Я нашел в себе силы улыбнуться гречанке и расшаркаться, приложив руку к сердцу, и сесть на заднее сиденье, чтобы не видать, как плавает по автобусу сатанинская улыбка драмодела.
А между тем началась она, Греция. Не верилось, что сейчас будут Афины, а потом… Хорошо притихнуть на заднем сиденье — лучшие места все равно были заняты, пока судьба на аэродроме смеялась надо мной — и отдаться вниманию и тем отрывочным раздумьям, что с трудом умещались среди междометий, поскольку слов уже не было при созерцании надвигающегося города. А тут еще возник откуда-то гид — сухопарый старый грек — и заговорил. Высокий, подтянутый, он — по автобусным слухам — имел лет семьдесят от роду, но выглядел на сорок с небольшим.
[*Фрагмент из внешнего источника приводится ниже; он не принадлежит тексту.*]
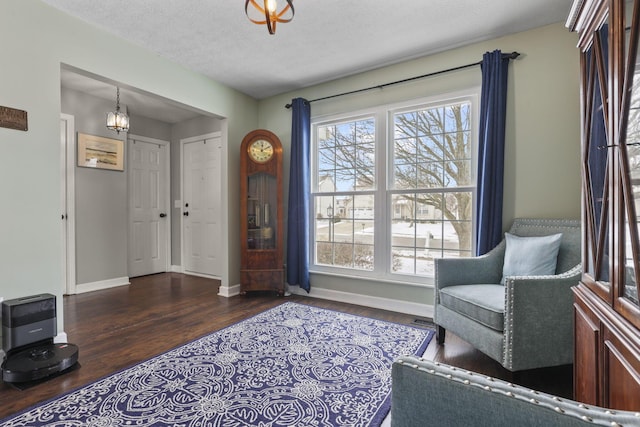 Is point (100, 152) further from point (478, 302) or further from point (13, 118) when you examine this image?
point (478, 302)

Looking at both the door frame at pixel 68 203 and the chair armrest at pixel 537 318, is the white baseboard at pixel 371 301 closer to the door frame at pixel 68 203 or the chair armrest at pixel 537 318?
the chair armrest at pixel 537 318

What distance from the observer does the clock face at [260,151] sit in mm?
3781

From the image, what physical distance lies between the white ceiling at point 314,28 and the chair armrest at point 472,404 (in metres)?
2.44

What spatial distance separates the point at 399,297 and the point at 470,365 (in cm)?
113

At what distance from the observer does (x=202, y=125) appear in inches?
193

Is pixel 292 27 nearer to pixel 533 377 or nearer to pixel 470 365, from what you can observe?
pixel 470 365

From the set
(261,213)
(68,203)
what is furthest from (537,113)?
(68,203)

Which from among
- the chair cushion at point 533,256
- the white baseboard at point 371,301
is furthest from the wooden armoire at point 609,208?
the white baseboard at point 371,301

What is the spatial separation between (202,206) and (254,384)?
11.8ft

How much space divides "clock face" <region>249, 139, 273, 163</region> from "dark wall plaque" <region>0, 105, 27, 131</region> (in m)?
2.03

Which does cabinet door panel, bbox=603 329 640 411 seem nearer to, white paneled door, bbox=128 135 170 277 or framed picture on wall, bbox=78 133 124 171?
framed picture on wall, bbox=78 133 124 171

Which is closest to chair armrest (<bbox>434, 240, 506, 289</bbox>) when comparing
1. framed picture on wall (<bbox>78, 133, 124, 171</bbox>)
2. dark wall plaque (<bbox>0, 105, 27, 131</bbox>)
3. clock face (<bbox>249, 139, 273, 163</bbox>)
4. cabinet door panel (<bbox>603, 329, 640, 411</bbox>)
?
cabinet door panel (<bbox>603, 329, 640, 411</bbox>)

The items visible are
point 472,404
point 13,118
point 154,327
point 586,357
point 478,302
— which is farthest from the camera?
point 154,327

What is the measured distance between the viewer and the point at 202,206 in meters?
4.94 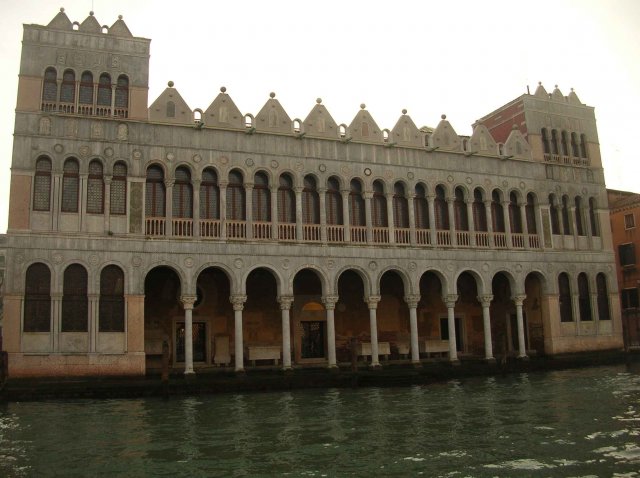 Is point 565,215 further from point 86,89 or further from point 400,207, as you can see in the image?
point 86,89

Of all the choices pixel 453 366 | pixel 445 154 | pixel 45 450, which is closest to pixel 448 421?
pixel 45 450

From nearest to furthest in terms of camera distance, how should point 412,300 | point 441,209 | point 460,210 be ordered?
point 412,300
point 441,209
point 460,210

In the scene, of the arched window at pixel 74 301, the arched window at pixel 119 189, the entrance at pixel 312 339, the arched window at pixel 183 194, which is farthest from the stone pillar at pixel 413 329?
the arched window at pixel 74 301

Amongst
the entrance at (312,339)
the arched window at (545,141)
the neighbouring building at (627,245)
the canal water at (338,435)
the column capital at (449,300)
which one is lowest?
the canal water at (338,435)

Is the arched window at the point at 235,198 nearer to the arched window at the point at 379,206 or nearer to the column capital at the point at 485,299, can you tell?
the arched window at the point at 379,206

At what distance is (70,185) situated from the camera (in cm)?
2105

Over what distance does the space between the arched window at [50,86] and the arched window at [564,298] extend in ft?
70.6

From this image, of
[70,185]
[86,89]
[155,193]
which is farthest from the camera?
[155,193]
Рассыпал дамам комплименты, острил, гордился своей страной так, как могут гордиться только греки, и так великолепно говорил по-русски, что его трудно было бы отличить от преподавателя старой гимназии. Его осанка, манеры, отличный серый костюм, галантность и реактивная предупредительность — все было великолепно, лишь какая-то заданность в монологах, умело скрытое, но все же уловимое желание понравиться да еще, пожалуй, разрыв между тонкой улыбкой и холодным, все охватывающим взглядом разрушали впечатленье непогрешимой целостности, однако и это исчезало за блеском русского языка, которым он владел в завидном совершенстве. «А ведь немало пожил в России, шельма!» — подумалось мне тогда. Это был один из хозяев туристской фирмы.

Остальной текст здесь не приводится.